A senior public official says Sri Lanka does not have economic strategies for each sector while the economy would have collapsed if not for the resilience and growth demonstrated by the country’s private sector, urging them not to lose hope but continue to find ways and means to engage the government.
"Do not give up hope. Inflation has been brought down from high ranges of 20 percent (to single digit levels) and interest rates have been rationalised to a certain extent. There are compelling reasons as to why the private sector and public sector should work together," Securities and Exchange Commission Director-General Channa De Silva said.
"The country needs a proper economic plan. Every sector, every industry needs a business plan. As far as I know, this is something that has not received enough attention," De Silva said addressing a forum last week organised by the Association of Chartered Certified Accountants (ACCA) and RAM Ratings.
Businessmen at the forum said high taxes and difficulty accessing credit because of the government’s fiscal indiscipline was crowding out credit to the private sector.

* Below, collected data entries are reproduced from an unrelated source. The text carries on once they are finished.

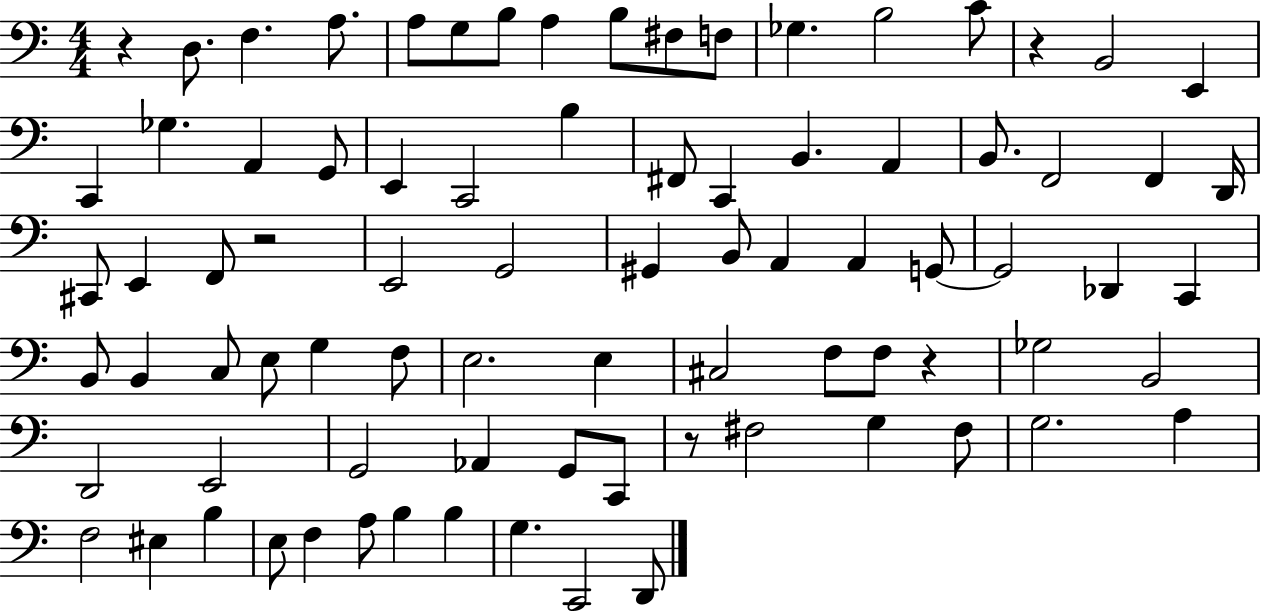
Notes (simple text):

R/q D3/e. F3/q. A3/e. A3/e G3/e B3/e A3/q B3/e F#3/e F3/e Gb3/q. B3/h C4/e R/q B2/h E2/q C2/q Gb3/q. A2/q G2/e E2/q C2/h B3/q F#2/e C2/q B2/q. A2/q B2/e. F2/h F2/q D2/s C#2/e E2/q F2/e R/h E2/h G2/h G#2/q B2/e A2/q A2/q G2/e G2/h Db2/q C2/q B2/e B2/q C3/e E3/e G3/q F3/e E3/h. E3/q C#3/h F3/e F3/e R/q Gb3/h B2/h D2/h E2/h G2/h Ab2/q G2/e C2/e R/e F#3/h G3/q F#3/e G3/h. A3/q F3/h EIS3/q B3/q E3/e F3/q A3/e B3/q B3/q G3/q. C2/h D2/e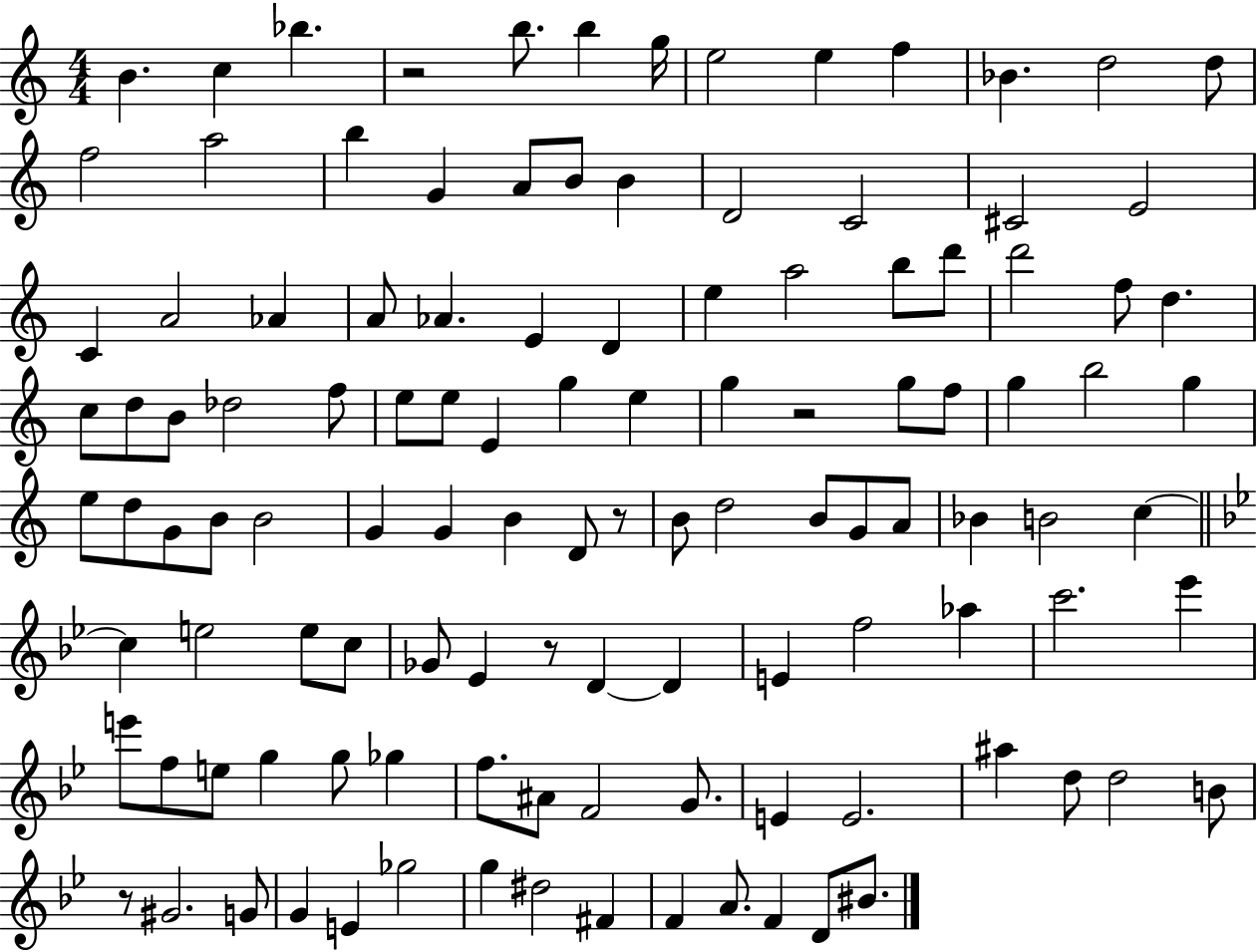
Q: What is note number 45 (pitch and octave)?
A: E4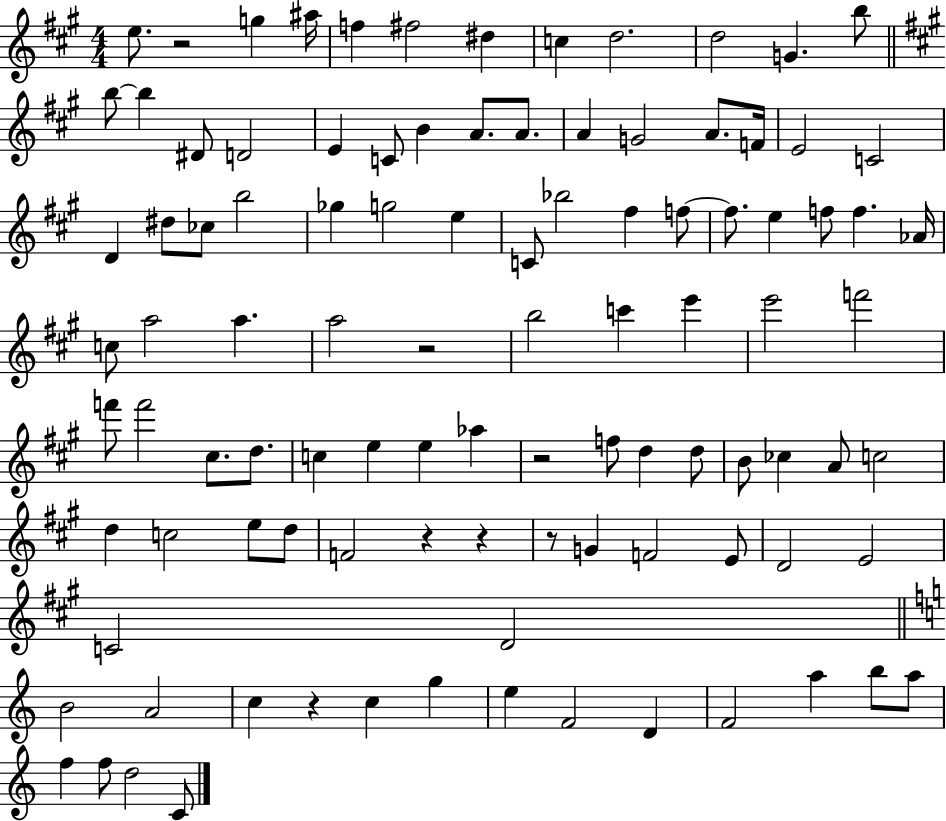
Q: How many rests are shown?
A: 7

The government acknowledges the private sector’s role in developing the country’s economy with several top ministers claiming that it was the government’s intention to create an environment conducive to private sector growth.
"The private sector in this country is not believed in. We are asked to run but our hands and legs are tied," Ranjit Fernando, Chairman, United Motors, told the forum.
In response, De Silva said the SME sector was facing tough times because accessing credit facilities were difficult.
He said the public should hold the banks responsible.
De Silva also said unless corporate tax rates are brought down to 15 to 20 percent levels the private sector would not be able to achieve sustainable growth.